SOURCE RECORDS
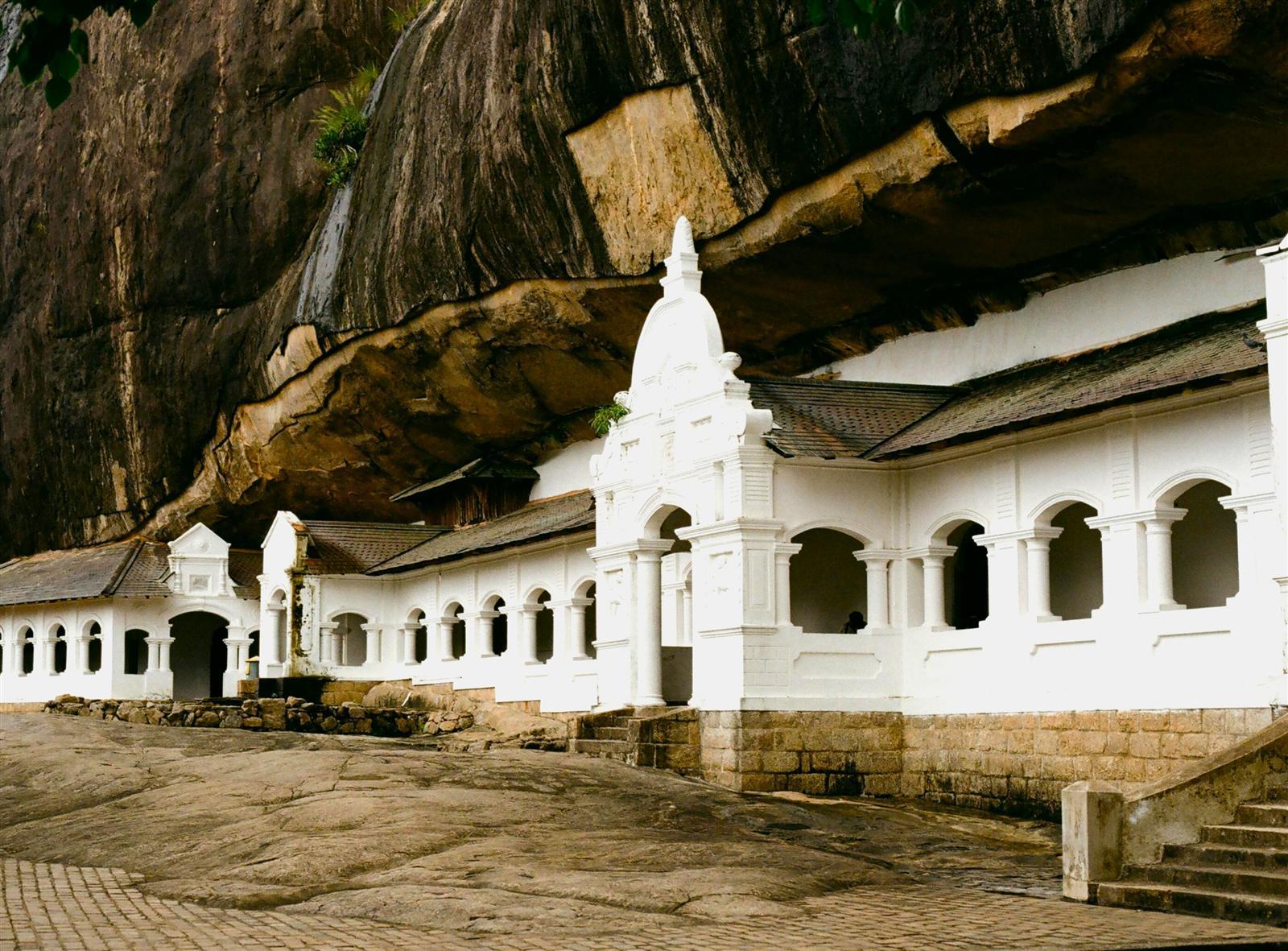 Dambulla Cave Temple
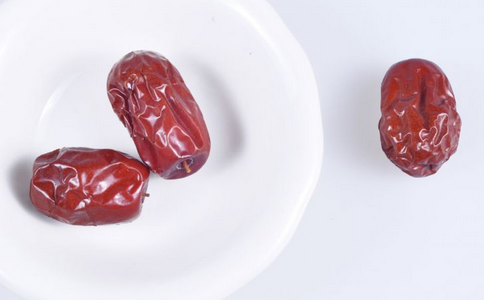 推荐7种春季养生物 豆芽健康又养生 春季吃豆芽有什么好处 春季养生食物有哪些 春季养生吃什么好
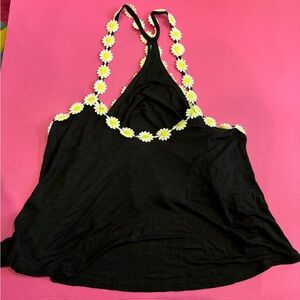 3/$30 Emma and Sam XS top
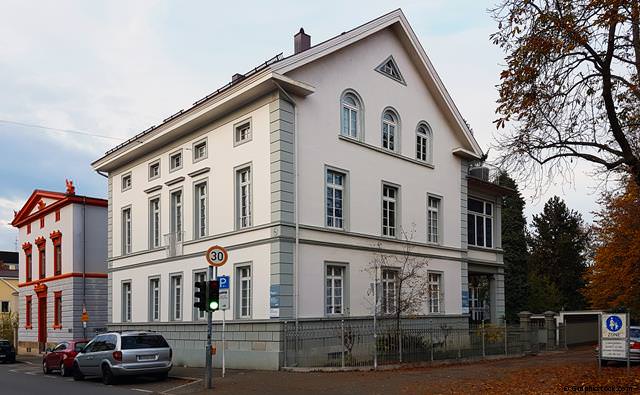 Zahnarzt Reutlingen: Praxisgebäude Dr. Heinz Tochtermann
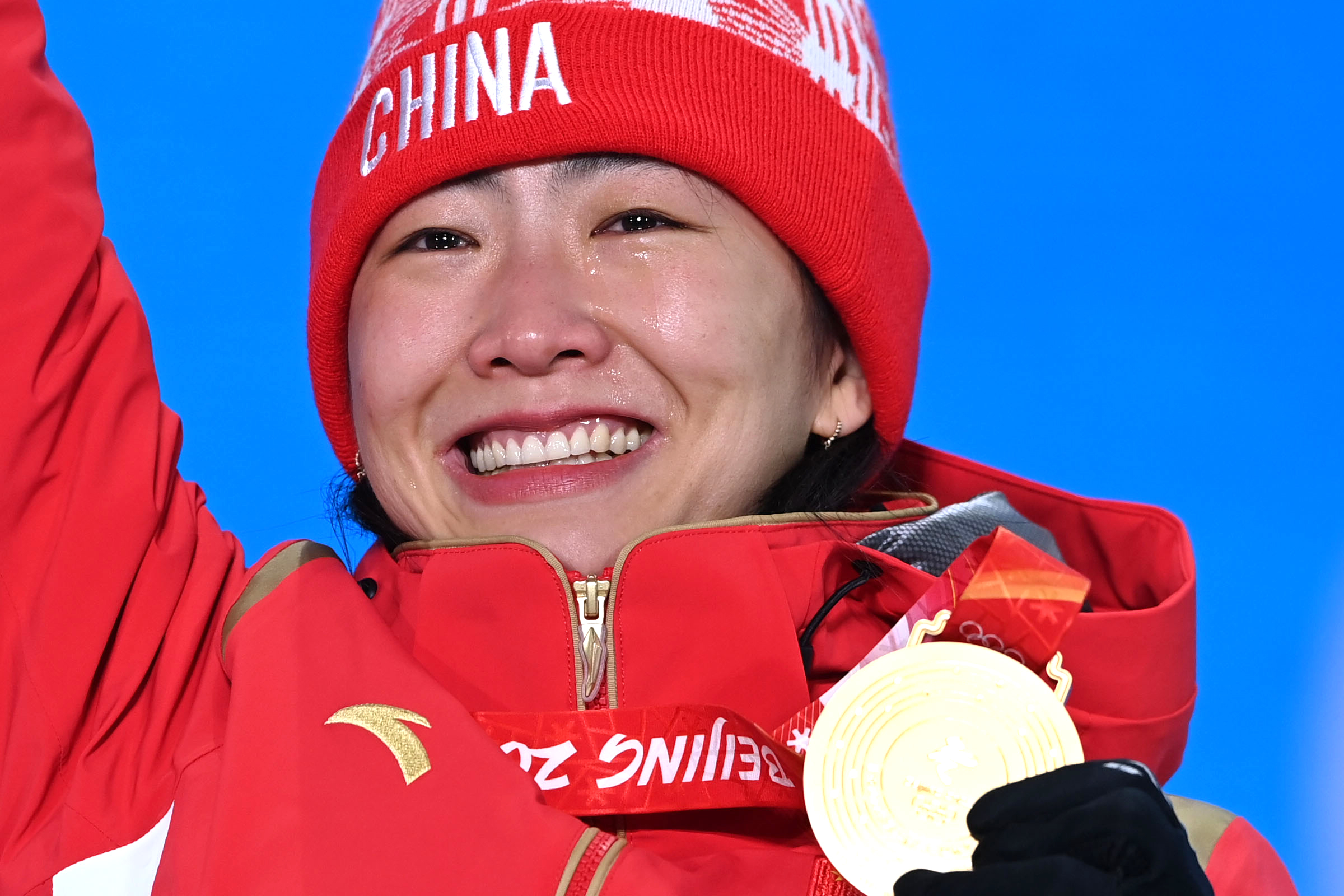 2月15日，北京2022年冬奥会自由式滑雪女子空中技巧冠军、中国选手徐梦桃在奖牌颁发仪式上。新华社记者 胡虎虎 摄
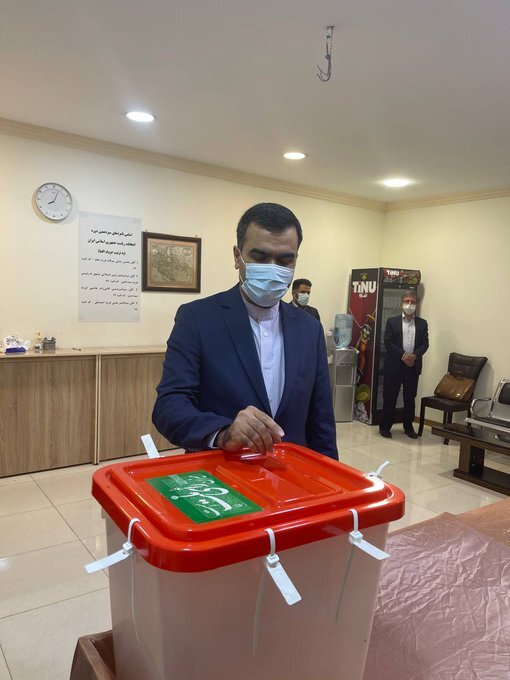 حضور پرشور ایرانیان خارج از کشور در انتخابات ریاست جمهوری + عکس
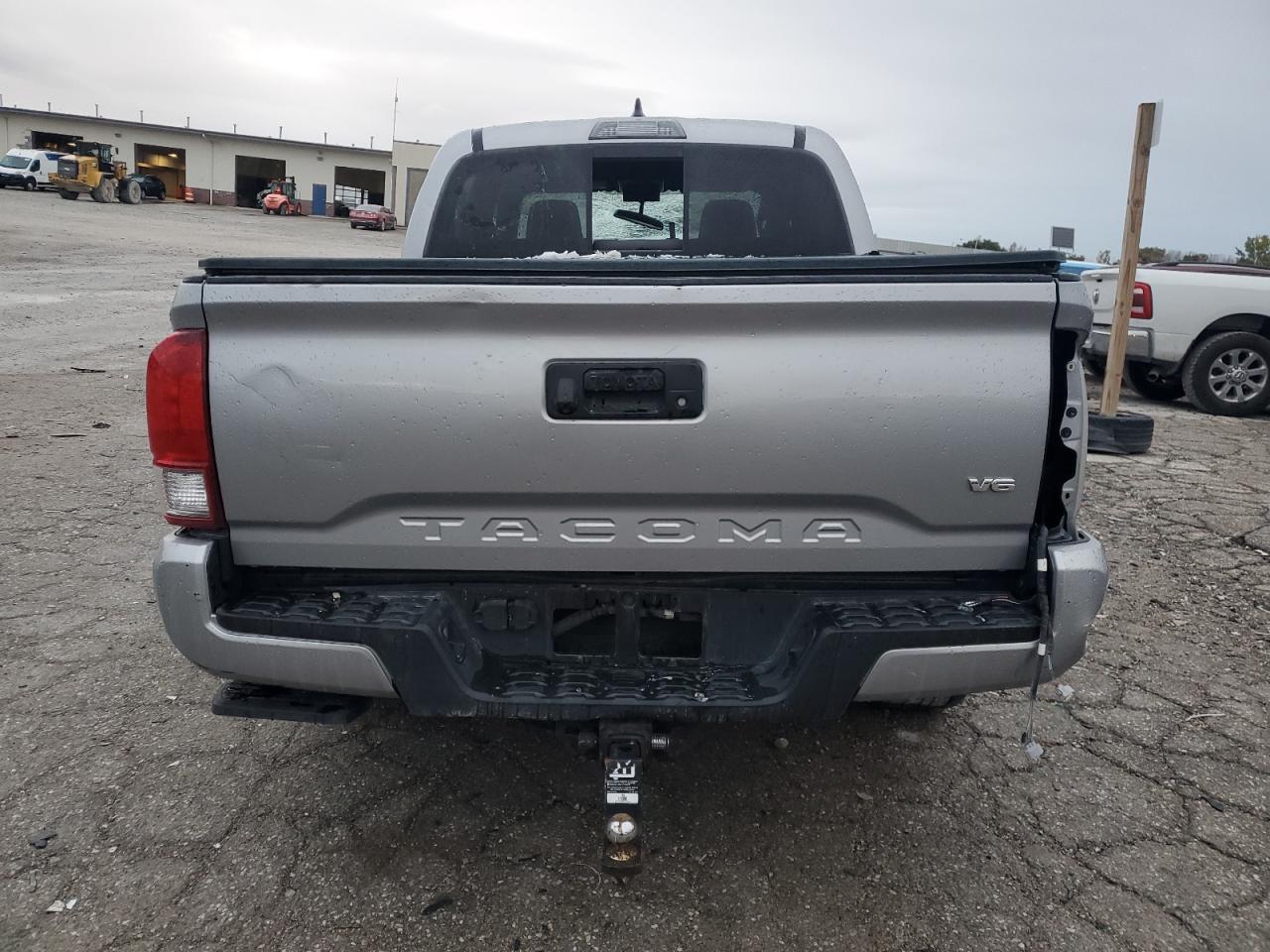 TOYOTA TACOMA DOUBLE CAB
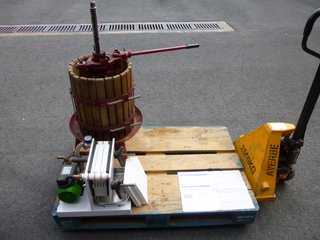 Prensa manual vino 30 y bomba filtradora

YOUR INSTRUCTIONS
Each line from the one holding "Zahnarzt Reutlingen: Praxisgebäude" to the end of the records above must be copied exactly; the pictures must not be copied.

TASK SOLUTION
 Zahnarzt Reutlingen: Praxisgebäude Dr. Heinz Tochtermann
 2月15日，北京2022年冬奥会自由式滑雪女子空中技巧冠军、中国选手徐梦桃在奖牌颁发仪式上。新华社记者 胡虎虎 摄
 حضور پرشور ایرانیان خارج از کشور در انتخابات ریاست جمهوری + عکس
 TOYOTA TACOMA DOUBLE CAB
 Prensa manual vino 30 y bomba filtradora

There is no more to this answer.